Slide : [ high dimensions - complex BC - parallelization || VIDEO login]

Particle methods generally are efficient for problems dealing with a large number of dimensions and complex geometries: table 5.5.0#tab.1 suggests that Monte Carlo methods become more efficient than FD or FEM when $ d/n>2$ (in the limit of $ N\rightarrow\infty$ and neglecting computer hardware issues).

Table 5.5.0#tab.1: Accuracy for a problem with $ d$ -dimensions.
Method Accuracy
Monte Carlo $ \mathcal{O}\left(N^{-1/2}\right)$ , $ N$ is the number of particles.
FEM/FD ($ n$ :th-order) $ \mathcal{O}\left(N^{-n/d}\right)$ , $ N$ is number of grid points.


The MC method is also well suited for problems with complicated boundary conditions. Imagine for example a 3D cube with a bouncing ball inside. Let the cube contain a non collisional gas, so that the atoms bounce back from the surfaces of the cube and the ball. For simplicity let the cube and the ball have infinite mass during the collisions with the gas particles. The distribution of the gas atoms is fairly easy to compute with the MC method, but nearly untraceable with a fluid method.

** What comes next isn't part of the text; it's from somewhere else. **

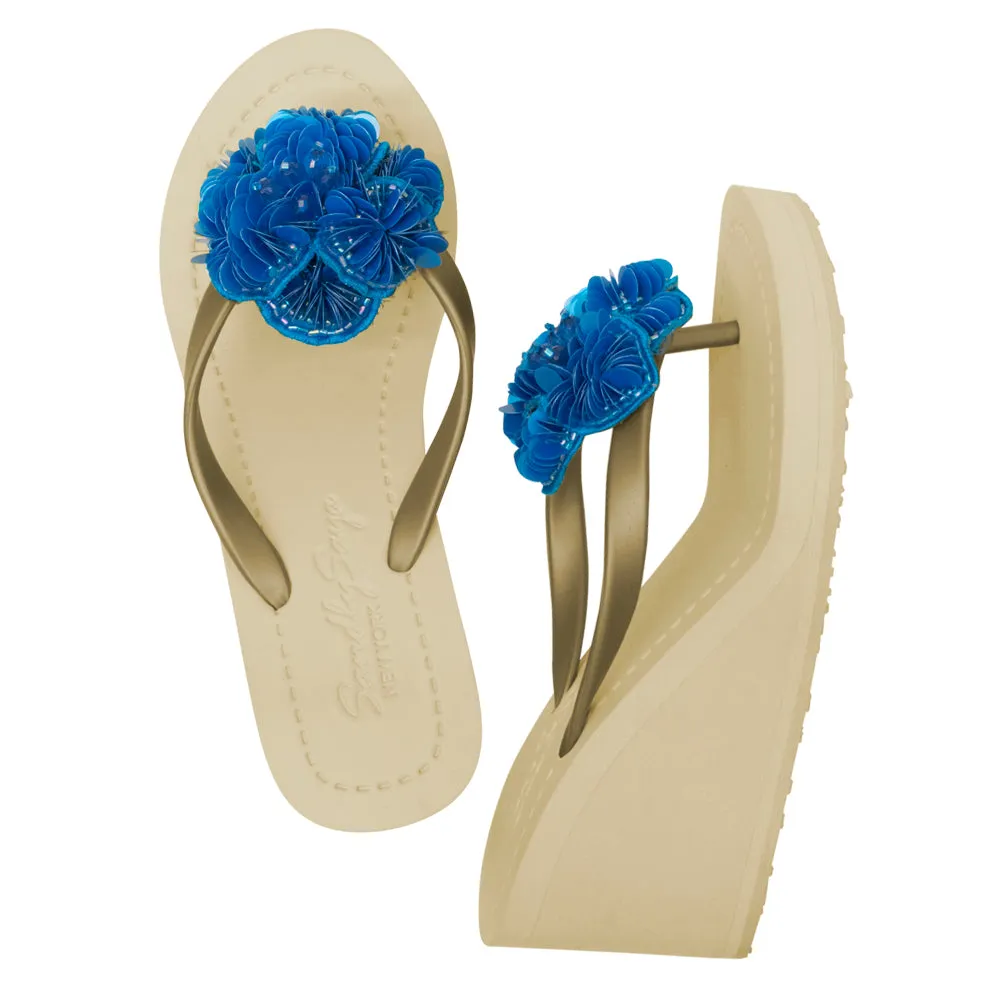 Noho Blue Flower - Sequence Embellished Women's High Wedge Flip Flops Sandal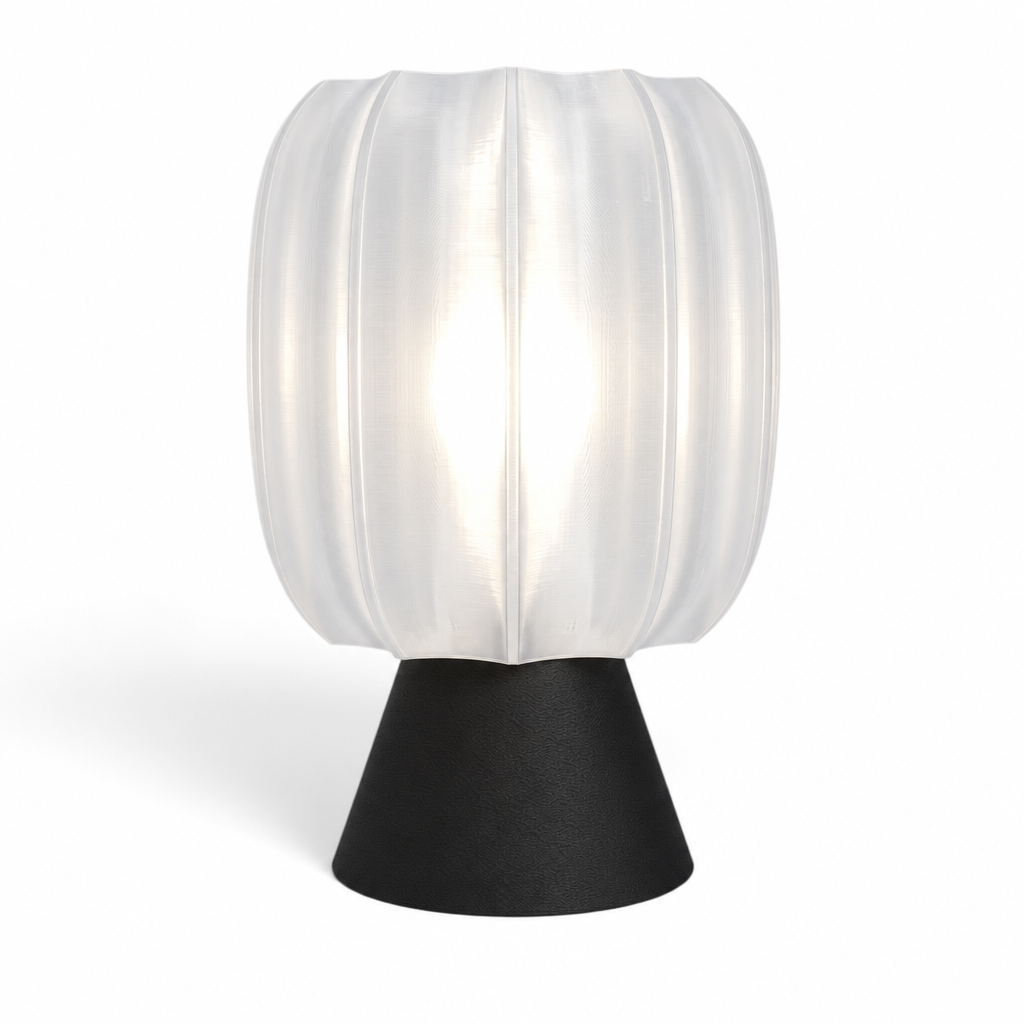 Paralex Mid Century Lamp - Black base, Lunar Clear Frost shade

Parallelization is easy and efficient if the problem is linear and the particles are decoupled: just run a copy of the simulation program on several machines simultaneously. The final result is obtained by summation and normalization of the results from the individual machines, since the Monte Carlo time stepping is a diagonal linear operation  $ \mathcal{L}=\{\mathcal{L}_{ij}\}$

$\displaystyle f(t+dt)=\mathcal{L}[f(t)]=\mathcal{L}[\sum_j f_j(t)] = \sum_{ij} \mathcal{L}_{ij}[f_j(t)]=\sum_i \mathcal{L}_{ii}[f_i(t)]$ (1)

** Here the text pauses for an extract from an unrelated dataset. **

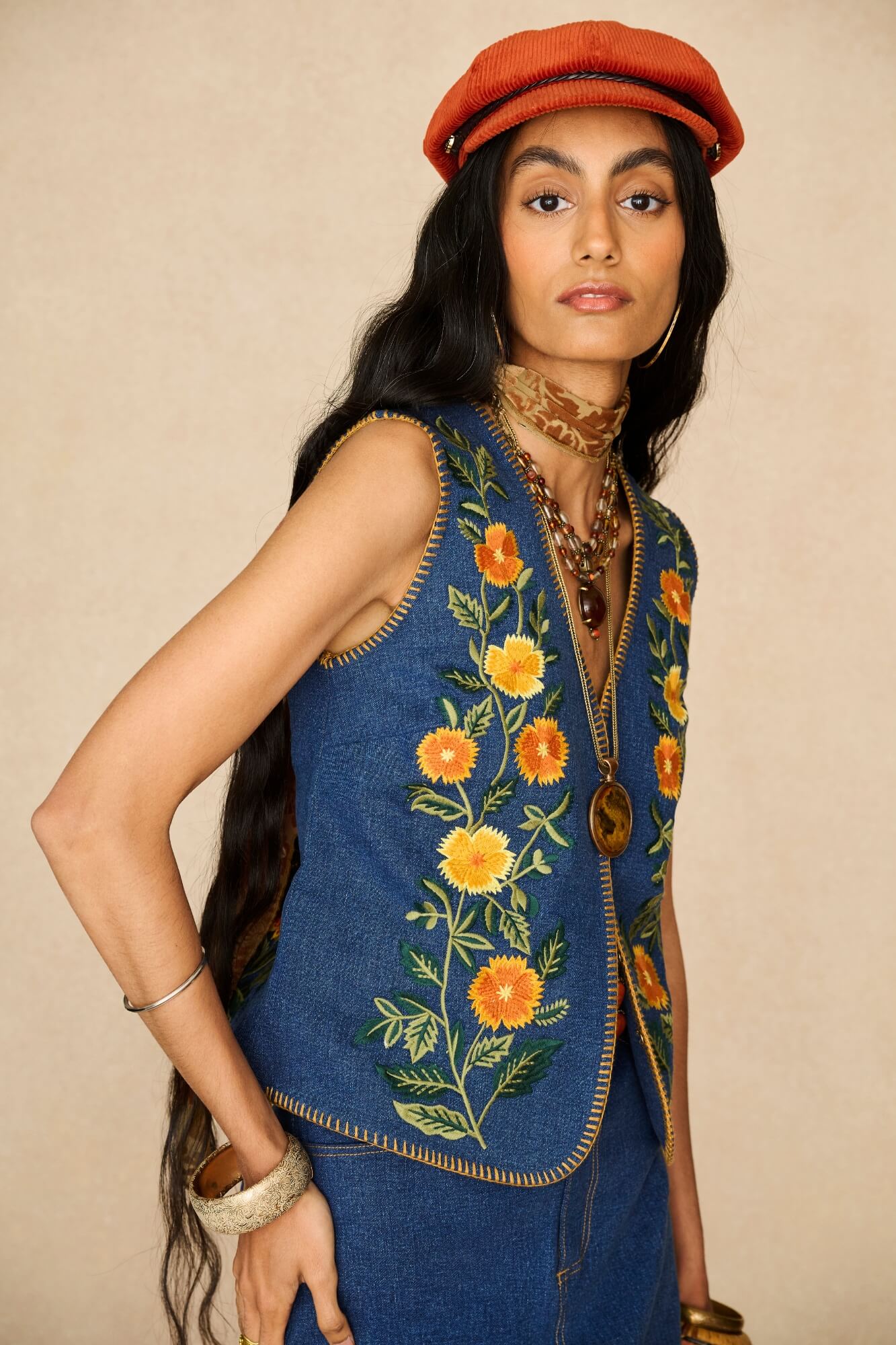 Denim Collection featuring 70s denim embroidered vest by The Hippie Shake - front view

where $ f_i$ is either the particle or its projection (1.4.7#eq.3). Be careful, however, to seed the random number generators differently on the each machines, or the simulations will all be identical!

Unfortunately, the MC method is not that easy to parallelize for non-linear problems: if $ a$ and $ b$ are functions of the density distribution, the continuous density distribution function needs to be approximated after each step. This will dramatically reduce the performance on a parallel machine.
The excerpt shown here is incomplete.